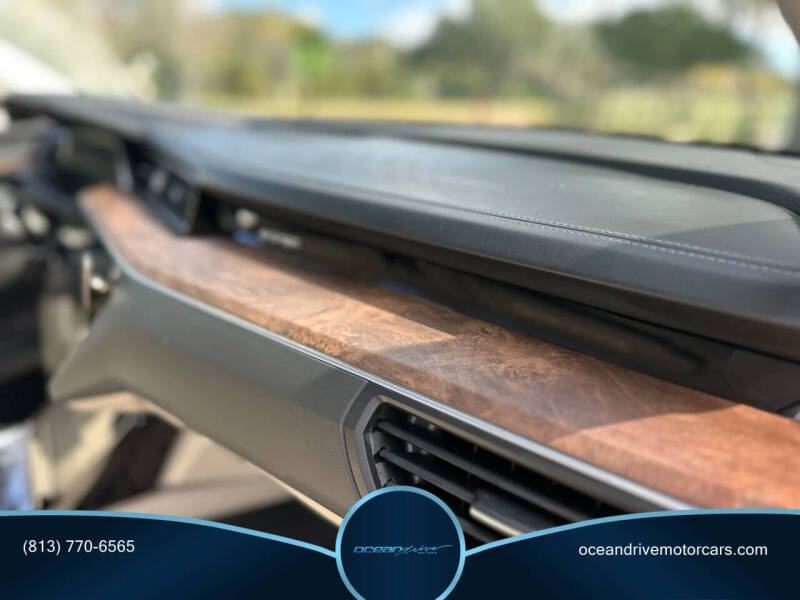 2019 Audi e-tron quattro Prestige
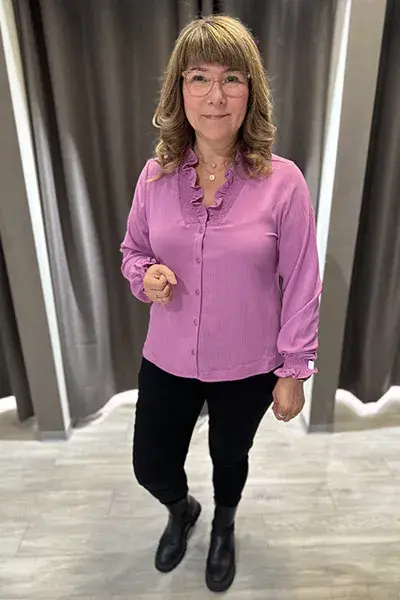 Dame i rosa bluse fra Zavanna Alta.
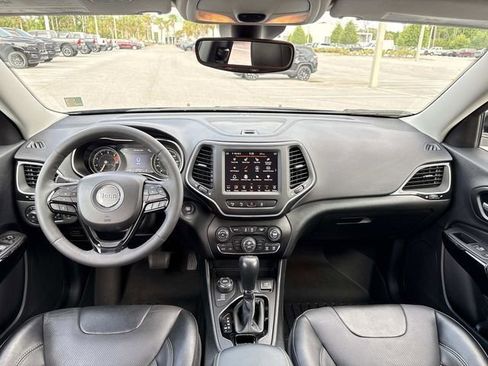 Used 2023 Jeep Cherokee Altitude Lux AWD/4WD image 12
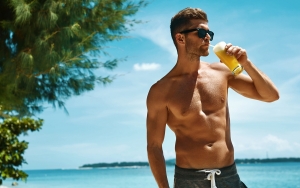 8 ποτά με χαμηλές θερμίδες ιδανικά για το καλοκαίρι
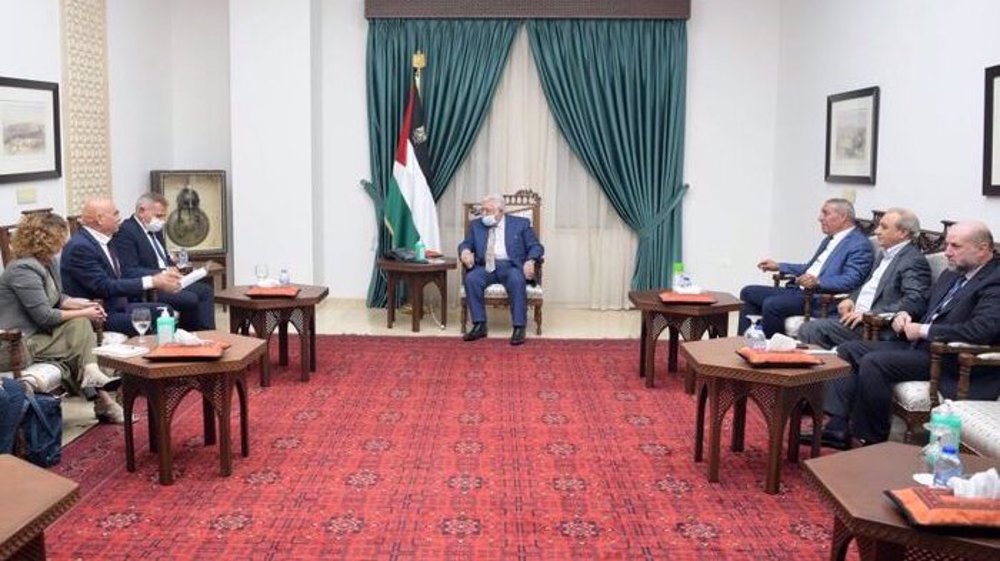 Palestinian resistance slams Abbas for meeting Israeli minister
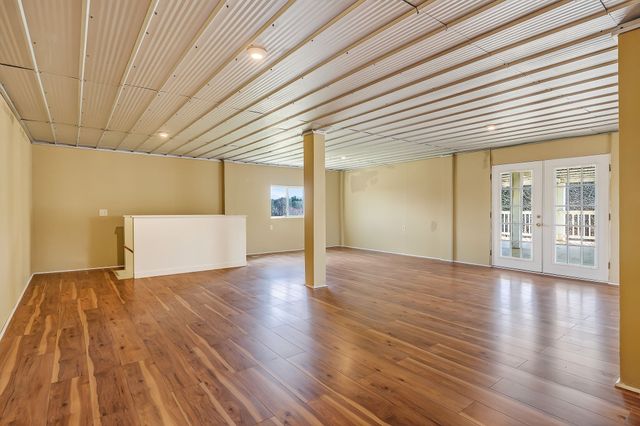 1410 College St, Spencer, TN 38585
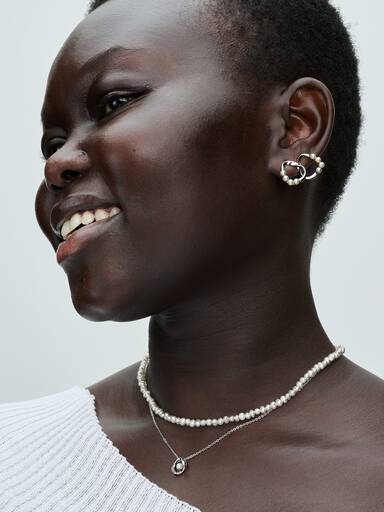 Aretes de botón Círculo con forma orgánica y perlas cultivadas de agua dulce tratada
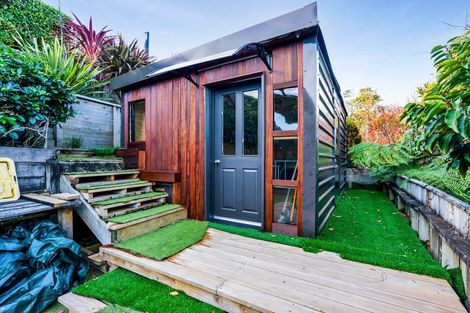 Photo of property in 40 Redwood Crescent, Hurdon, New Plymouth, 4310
***
Task objective:
All entries above, minus the pictures, should be repeated exactly.

Task output:
 2019 Audi e-tron quattro Prestige
 Dame i rosa bluse fra Zavanna Alta.
 Used 2023 Jeep Cherokee Altitude Lux AWD/4WD image 12
 8 ποτά με χαμηλές θερμίδες ιδανικά για το καλοκαίρι
 Palestinian resistance slams Abbas for meeting Israeli minister
 1410 College St, Spencer, TN 38585
 Aretes de botón Círculo con forma orgánica y perlas cultivadas de agua dulce tratada
 Photo of property in 40 Redwood Crescent, Hurdon, New Plymouth, 4310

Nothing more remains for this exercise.